100 Years of Graham Greene · 228 words posted 10/02/2004 10:44 AM
Graham Greene, one of my favorite authors, was born 100 years ago today. The BBC has an excellent Centenary page with links to audio interviews.
Robert Girardi once called The Quiet American “a perfect novel.” I’m inclined to agree; it’s hard to believe that Greene wrote so presciently about the limits of the French colonial enterprise and the folly of American intervention in Southeast Asia fully ten years before the United States invaded Vietnam.
I’ve never been to Saigon, but I believe Mr. Greene captured the time and the place as well as anyone could have. Today, most street corners in the old quarter of Hanoi feature little kids hawking stacks of pirated copies: “Quiet American Mister! Quiet American!” Whether one reads it as a love story, a war adventure, or reportage, the Quiet American is one of the best short novels ever written.

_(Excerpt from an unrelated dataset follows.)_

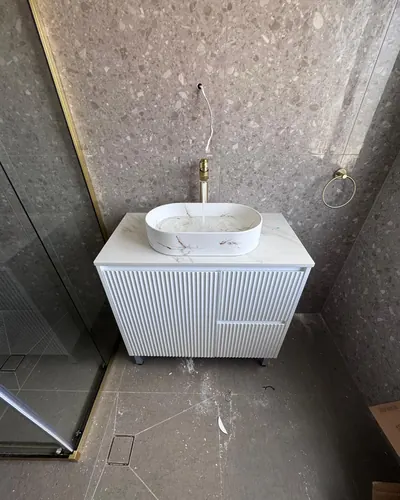 Basin and brushed gold mixer installed on a fluted vanity, water running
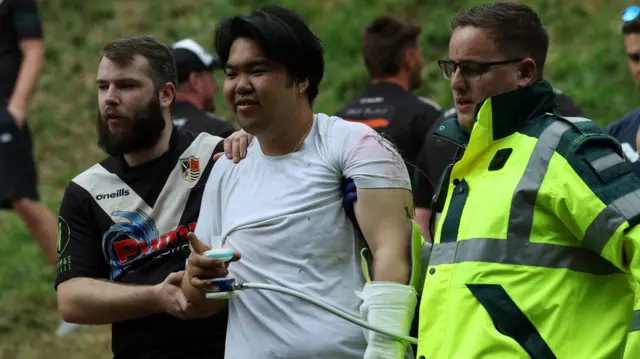 A man being escorted from Cooper's Hill with an injured arm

He has fallen out of fashion these days: the left takes offense at his mid-century British sensibilities (shame on him for being a creature of his time), and biographers tell us he was a bore in his private life (as if that could have any bearing on how one reads his fiction). Fundamentally, though, Graham Greene had a keen eye for human frailty and a healthy suspicion of most of the isms that so plagued the 20th century.
Happy birthday, Mr. Greene, wherever you are.